One of the HDDs has started to report SMART problems. It first happened in September
last year. No detected/corrected ZFS issues were showing
up, so I was slow with replacing it. Weekly zpool scrub
was fine. The only
annoying thing were emails from the SMART-daemon, reporting the same 11 sectors.
At last, a week ago, when zpool status
showed a corrected problem, I decided
to replace the disk.
The webshop where I ordered a new disk sent me a CPU by mistake. Later, a new disk arrived.
Time to open the case, clean all the dust that got collected there since the last time I opened it, and find the old disk among an array of identically looking metallic boxes.
Once the retired disk is physically replaced, I booted into a restore mode.
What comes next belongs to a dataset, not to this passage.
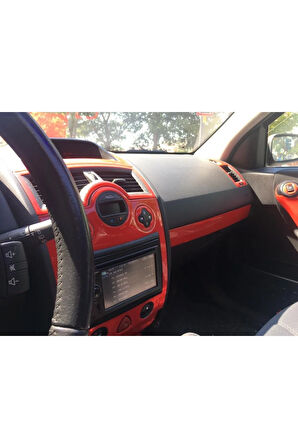 Renault Megane 2 Full Set Torpido, Trim, Göğüs Maun Kaplama Kırmızı Renk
Only a bare minimum is started at this point, and ZFS pools are not imported.
First, zpool import <poolname>
. Then zpool status
. Surely, the old disk is
missing and the pool is marked as being in the degraded state, because the mirror
is missing a part. A better way would have been to attach the new disk without
removing the old one, but I was short on the space for extra disk inside the case.
The missing disk is now identified by a long number instead of a symbolic name.
Using this number in zfs replace poolname <old disk number> <new disk id>
does
the trick. The pool is still in degraded state, but the resilvering of data
has been started.
A little scary thing is that it was required to force the replacement
operation with -f
flag. Te new disk did not have any EFI partitioning on it,
and that made zpool
suspicious.
After 7+ hours, the pool is back to normal operation.